ただしパーツごとを変えるのではなく、パーツ構成そのものを各コンセプトごとに総変換するため、各コンセプトの使いどころは装備者の戦闘センスに委ねられる。
このシステムはエアリオル独自のものである為、他のISに使用する事は不可能である。
また、技術が置いてあるであろう蒼羽技研には高度なハッキング対策が施されており、天才といわれる篠ノ之束であってもASBLシステムのデータや技研にある技術を取り出すことは出来ない。
【ASBL:ゼファー】
◆設定
汎用性と拡張性を重視した基礎形態。
中射程まで届くアサルトライフル《ハウリング=アヘッド》と振動実体剣《ストライクファング》のみの質素な装備であり、オプションとしてビームシールドを展開する自律ユニット《メインシェル》が付属する。

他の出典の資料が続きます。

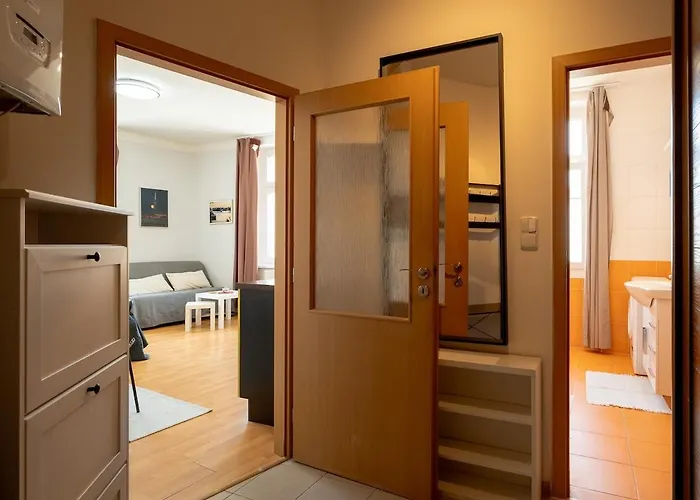 Apartamento Comfortable In 8 - Liben Praga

余計な装備が無いためシールドエネルギーの効率は非常によく小回りも利くが、敵ISを撃墜するための「最低限」の攻撃力しか持ち合わせていない。
なお振動実体剣はシールドエネルギーを纏うことで金色の光子を放ち、標的に大ダメージを与える機能を有している。

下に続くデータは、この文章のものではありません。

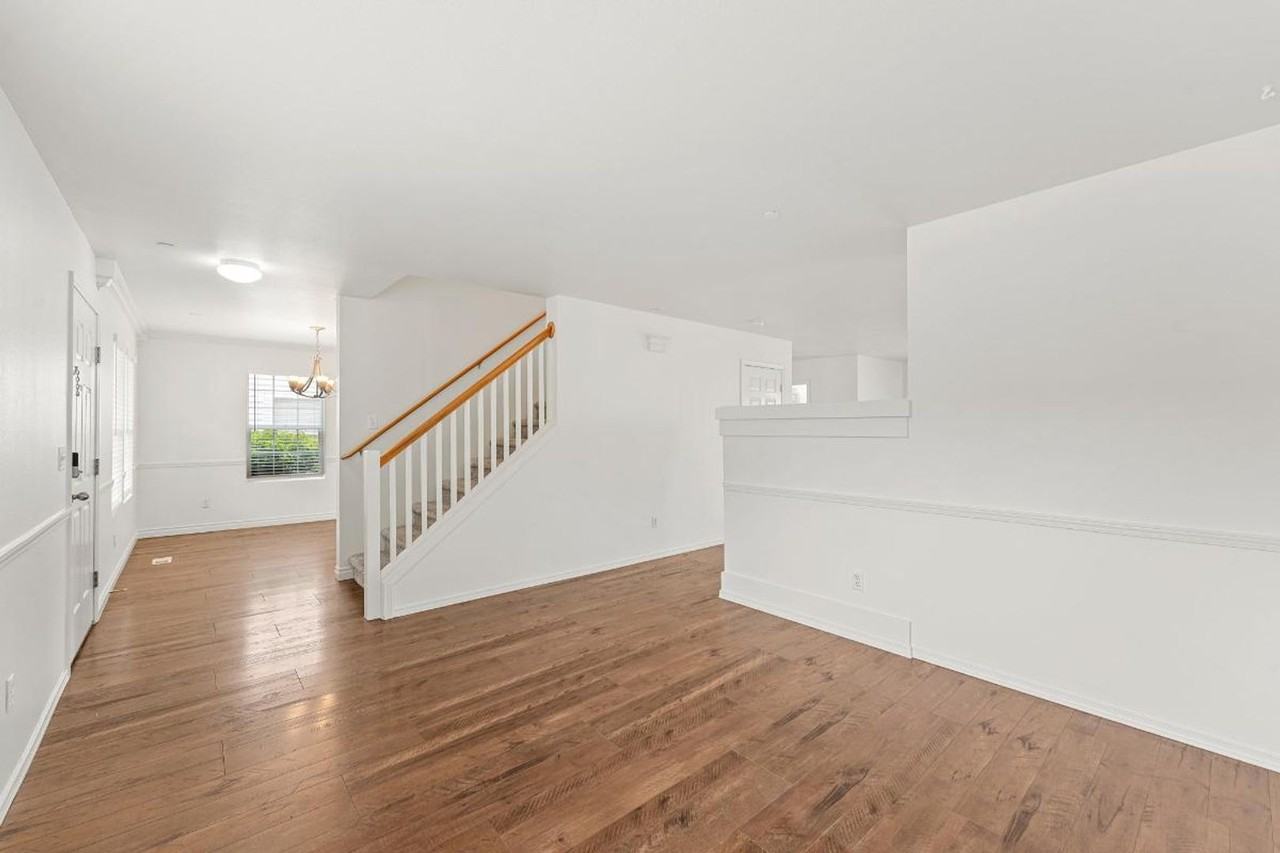 2429 Tolmie Ave - Photo 5 of 44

しかしながら、特性の類似する雪片二型の零落白夜とは比較にもならないレベルである。
とにかく装備者の技量「のみ」に頼った簡素すぎる装備しかないため、一般的な兵力を相手取るための「初期装備」といった趣きが強く、対IS戦ではいかに相手の隙を突くかにすべてを賭ける超上級者仕様ともいえる。
ただし、後付装備イコライザによる強化は可能で、応用次第ではASBLの各フォームと同等の戦い方も出来る。
ゼファーのモチーフはライガーゼロのタイプゼロがモチーフになっています。